Even though I’m a Cyanogenmod user, I’m okay with this. The installation process isn’t foolproof, and it’s entirely possible to brick your phone with the installer.
That’s my thinking, I thought Cory’s “one of the advantages of Android is that it doesn’t attempt to prevent you from installing unapproved software” line kinda misses that point.
There are certainly advantages to not having a single-point of access for apps - but I don’t think this is one of them…
Any opportunity for a dig I suppose!
Yes, but Google allowed the App, plus other similar ones. To now, ask for them to be removed sends a muddled message to developers.
So, assuming you didn’t brick your phone, what was your reason for risking it, and are you still happy with your decision?
Genuinely curious. There’s a lot of Samsung crapware on my phone that I would be glad to uninstall if I thought the probability of killing my phone was low enough.
You might get some battery life back too!
My device (Galaxy Nexus on Verizon) has no warranty - I bought it used on eBay. Considering that Google has (quite arbitrarily) decided that the Galaxy Nexus does not merit the KitKat treatment, I think it is both petty and disingenuous to evict the Cyanogenmod installer off the Play store because it “will” void my warranty.
Furthermore, Google Play store differentiates which downloads are permitted by device - not all apps are available for all O/S versions or devices (a major pain point for Android developers) - so they could quite easily still permit the Cyanogenmod installer for devices that are clearly too old to still be under warranty.
I was really pleased to hear about this, I hoped it would have solved some of the issues I was having with my phone. Going through the process to install the firmware was really frustrating, searching for the app in Play never gave the right app as a result. No matter the combination of terms, the app I needed to do this was not listed.

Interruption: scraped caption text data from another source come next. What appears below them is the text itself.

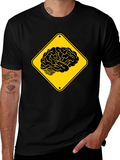 Brain Warning T-Shirt - Black Cotton Tee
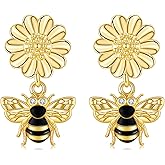 Bee Earrings 925 Sterling Silver Bumble Bee Stud Earrings Animal Jewelry for Women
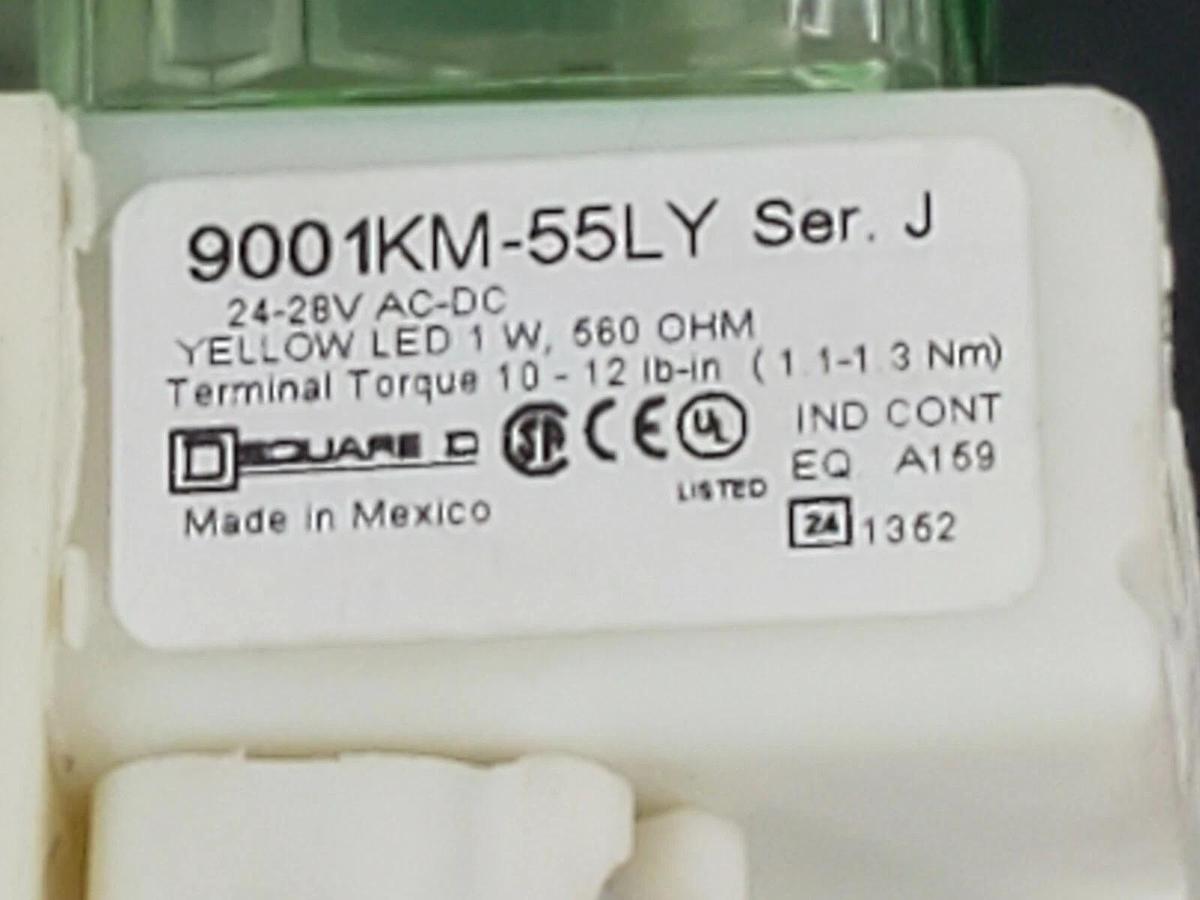 Used SQUARE D 9001KM-55LY PUSH BUTTON LIGHT MODULE SER. J 9001-KA2 SER. K, AMBER LEN
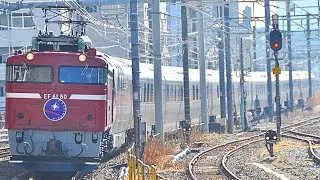 「パーマル牽引！」【カシオペア紀行昼運行東北本線経由仙台行き】国鉄EF81-80(尾久車両センター所属・星釜)+E26系カシオペアが警笛を鳴らして尾久駅を通過するシーン！【9011レ】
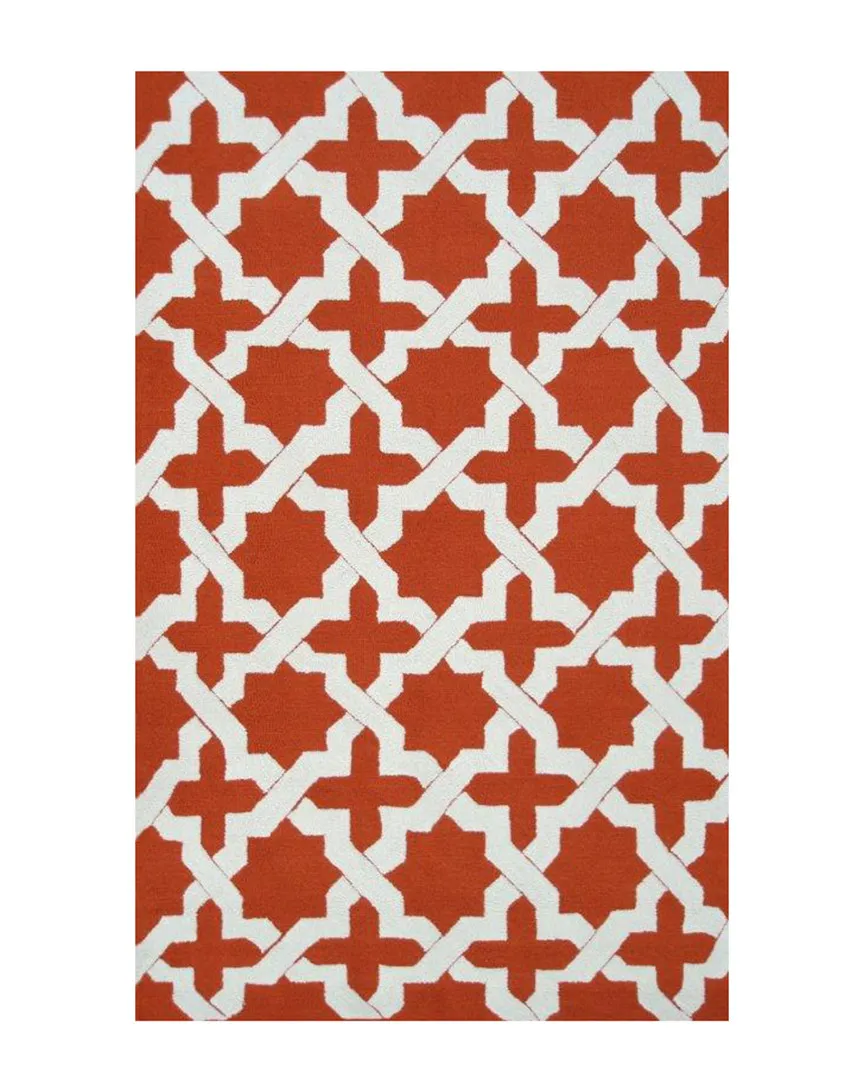 Escher Hand-Made Indoor/Outdoor Rug - Orange, Polyester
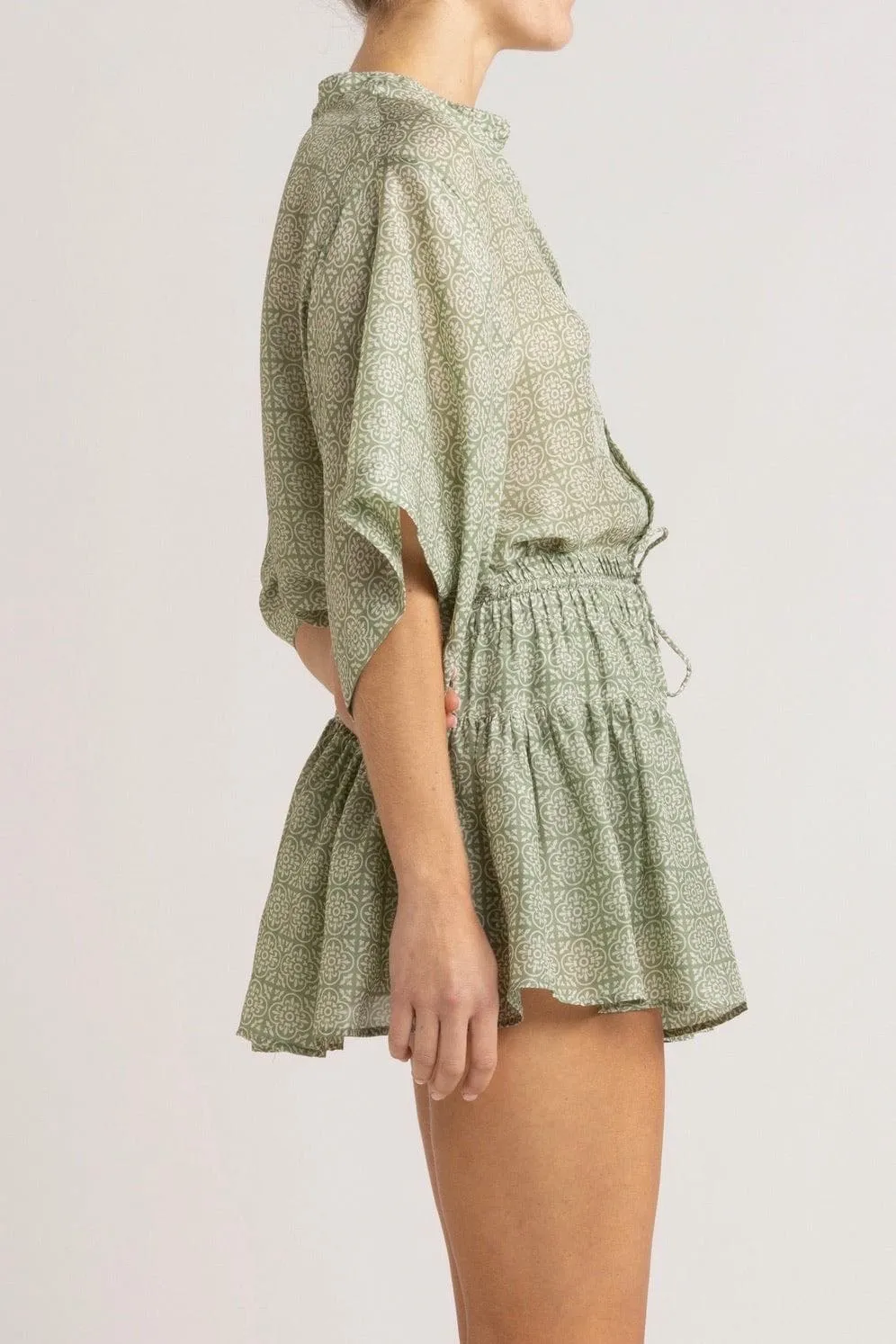 Angelique Jade Green Silk Frill Short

I know it’s not CGMs fault, but in light of this article maybe they were being buried already.
Well, that answers the question of how long it would last on Play. Google has very Google-centric definitions for words like “free” and “open”.

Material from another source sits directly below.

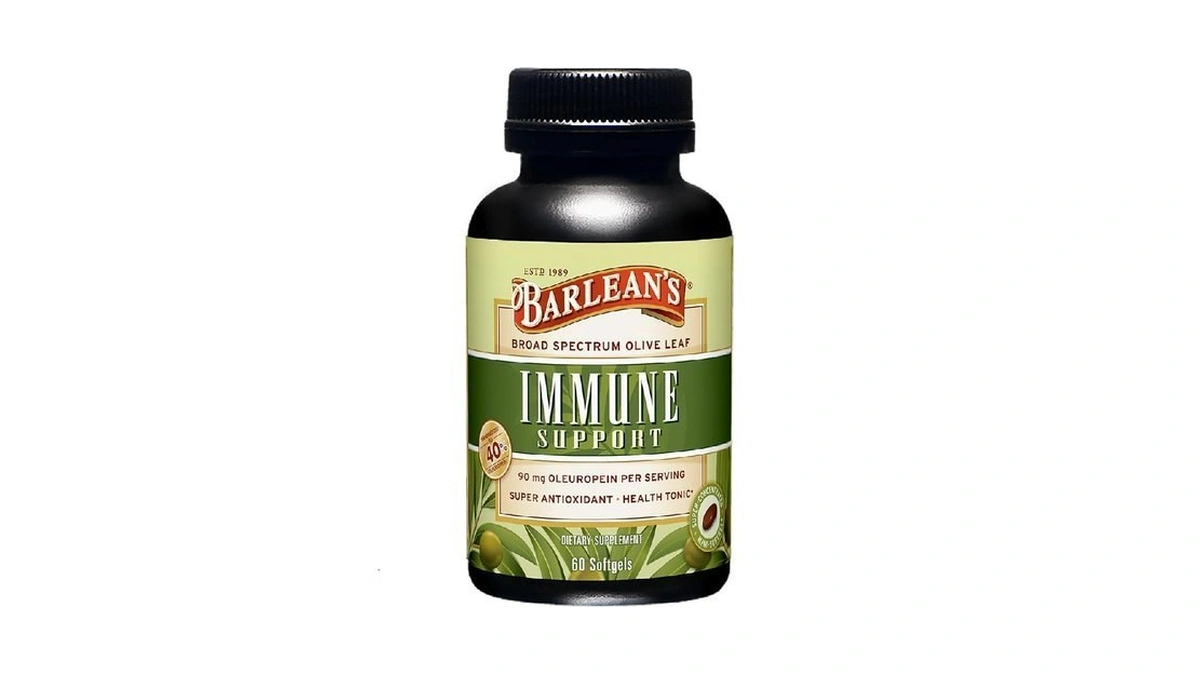 Barlean's Olive Leaf Complex Supplements, Immune Support Softgels, 95mg Oleuropein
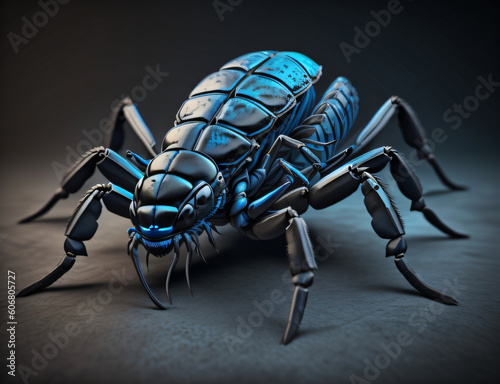scorpion isolated on black background,generative ai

I have no problem with CM leaving Google Play, though. It could be a dangerous toy for people whose only experience with software installation has been searching and clicking “Install”.
Which was actually the problem here - the cyanogenmod installer needs something like 3 clicks and a few minutes of your time, no tech skill required.
As to the “You can brick your phone!” argument, well yes sure it is possible, but it’s along the same lines as “You’ll shoot your eye out!”. Stick with a stable release for a supported device and you are unlikely to have a problem.
replying to scav ; I don’t know what the probability of something going wrong is, but it went smoothly enough for me. I just grabbed it from the Play Store the other day (so was surprised to read here that it got removed). If you were going to install it, you should OF COURSE back up your phone before doing the install process.
Yes my Samsung (and ATT) crapware is gone now. Tethering so my phone can offer an internet connection to my laptop when needed seems to work very well (I know installing CyanogenMod isn’t the only way to get tethering but the feature is there by default). Homescreen and other things seem more customizable, battery life and performance and stability seem fine. No real complaints here so far. More info here ;
As a Verizon Galaxy Nexus owner who runs Cyanogenmod, I wasn’t terribly pleased either, but apparently it’s not all that arbitrary. The support ended three months before it was scheduled to. Let’s all let that soak in a bit.
And let’s get real here: the Cyanogenmod installer, from what I’ve seen about it, basically just enables ADB and instructs the user on how to plug the phone into a PC and run the Windows installer. It’s…not that big of a deal.
The odds of bricking your phone may be small, but they’re real. But I think it’s more significant that installing Cyanogenmod will wipe most of your phone’s settings, and that you’ll have all sorts of small differences to your operating system that you may not have anticipated. You end up with a faster, better Android, with the bloatware stripped out, and with greater flexibility, which is why people use Cyanogenmod. But it’s not a casual decision, like installing a typical app.